SQL Injection Detection

;

Decision Tree

;

Random Forest

;

XGBoost

;

AdaBoost

;

Gradient Boosting Decision Tree

;

Histogram Gradient Boosting Decision Tree

;

Local Explanation

;

SHAP

;

LIME

Subject:

Computer Science and Mathematics - Security Systems

1. Introduction

Structured Query Language injection (SQLi) remains one of the most critical security vulnerabilities affecting web applications, consistently ranking among the top security threats in reports like the OWASP Top Ten [1]. SQL injection exploits weaknesses in input validation, enabling attackers to manipulate SQL queries to access, modify, or even delete sensitive data stored in databases [2,3]. The widespread use and serious consequences of SQL injection attacks make it crucial to develop robust detection and prevention mechanisms to safeguard web applications and their underlying databases.

Traditional approaches to mitigating SQL injection vulnerabilities, such as input validation, parameterized queries, and prepared statements, aim to sanitize user inputs and block malicious SQL commands from being executed [4,6,7]. However, these methods often fail in dynamically generated query environments and require rigorous implementation practices that are not always followed consistently [8]. This gap becomes more problematic as SQL injection techniques evolve and grow in sophistication, underscoring the need for more advanced and adaptable detection mechanisms capable of handling emerging threats.
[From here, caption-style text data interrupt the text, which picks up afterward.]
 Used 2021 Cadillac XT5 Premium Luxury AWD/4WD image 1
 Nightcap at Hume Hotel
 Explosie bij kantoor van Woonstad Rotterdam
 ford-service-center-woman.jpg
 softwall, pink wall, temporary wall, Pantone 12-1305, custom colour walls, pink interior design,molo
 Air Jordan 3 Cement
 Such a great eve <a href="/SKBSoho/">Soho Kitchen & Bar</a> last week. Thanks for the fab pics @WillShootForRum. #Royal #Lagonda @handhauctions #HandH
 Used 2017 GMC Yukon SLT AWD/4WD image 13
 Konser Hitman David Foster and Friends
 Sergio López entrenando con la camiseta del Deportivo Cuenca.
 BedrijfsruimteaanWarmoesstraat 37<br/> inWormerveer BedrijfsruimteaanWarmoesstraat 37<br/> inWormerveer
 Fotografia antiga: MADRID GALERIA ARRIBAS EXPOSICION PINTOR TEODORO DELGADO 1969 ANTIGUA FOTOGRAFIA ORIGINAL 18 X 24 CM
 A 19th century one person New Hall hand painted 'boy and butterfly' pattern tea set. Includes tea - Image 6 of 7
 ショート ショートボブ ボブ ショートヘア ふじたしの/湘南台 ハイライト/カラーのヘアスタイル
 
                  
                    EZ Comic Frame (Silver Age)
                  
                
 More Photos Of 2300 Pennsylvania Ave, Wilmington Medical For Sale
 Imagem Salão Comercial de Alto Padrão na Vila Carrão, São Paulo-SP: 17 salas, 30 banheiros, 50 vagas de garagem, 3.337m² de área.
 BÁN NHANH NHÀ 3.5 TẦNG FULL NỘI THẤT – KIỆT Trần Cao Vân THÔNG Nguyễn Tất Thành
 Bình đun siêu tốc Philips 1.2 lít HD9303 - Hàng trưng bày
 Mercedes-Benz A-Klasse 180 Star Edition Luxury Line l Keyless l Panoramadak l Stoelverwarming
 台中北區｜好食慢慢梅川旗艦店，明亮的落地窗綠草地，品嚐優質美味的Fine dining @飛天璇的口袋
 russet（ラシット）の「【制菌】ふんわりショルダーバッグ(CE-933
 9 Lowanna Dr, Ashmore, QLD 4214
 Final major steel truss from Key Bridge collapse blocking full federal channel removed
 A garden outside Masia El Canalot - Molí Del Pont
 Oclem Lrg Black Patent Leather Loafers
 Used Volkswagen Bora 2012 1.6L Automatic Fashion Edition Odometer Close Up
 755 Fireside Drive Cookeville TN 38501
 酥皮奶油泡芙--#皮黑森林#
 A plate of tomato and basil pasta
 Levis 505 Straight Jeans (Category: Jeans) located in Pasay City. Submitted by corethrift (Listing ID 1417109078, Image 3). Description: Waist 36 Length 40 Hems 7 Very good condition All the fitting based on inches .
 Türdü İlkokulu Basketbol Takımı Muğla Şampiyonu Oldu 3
Machine learning (ML) has emerged as a promising solution to improve SQL injection detection by learning historical attack patterns and generalizing to new threats [9]. Among the various ML techniques, ensemble learning and boosting models have shown considerable potential in this domain, as they combine multiple weak learners into a stronger and more accurate classifier [12]. These models not only improve detection accuracy but also increase robustness against sophisticated SQL injection attacks, making them suitable for dynamic and complex web environments.

Ensemble learning methods, such as Decision Trees and Random Forests, take advantage of the collective wisdom of multiple models to achieve better performance than individual classifiers [10,13]. Boosting algorithms, including AdaBoost, Gradient Boosting Decision Trees (GBDT), and Histogram Gradient Boosting Decision Trees (HGBDT), further enhance this capability by sequentially focusing on misclassified instances, thereby improving the model’s precision and recall [11,14,15]. These approaches offer a nuanced understanding of attack patterns, enabling them to adapt to new and sophisticated SQL injection techniques.

However, there remains a significant gap in the application of explainable machine learning models for SQL injection detection. Although numerous studies have focused on explaining the results of the model in the context of SQL injection detection [16,17], much of the research on explainable AI (XAI) has focused on other security domains, such as intrusion detection systems (IDS) [10,15,18]. Techniques such as SHapley Additive exPlanations (SHAP) [19] and Local Interpretable Model-agnostic Explanations (LIME) [20] have been widely applied in those fields to clarify model decisions and enhance transparency.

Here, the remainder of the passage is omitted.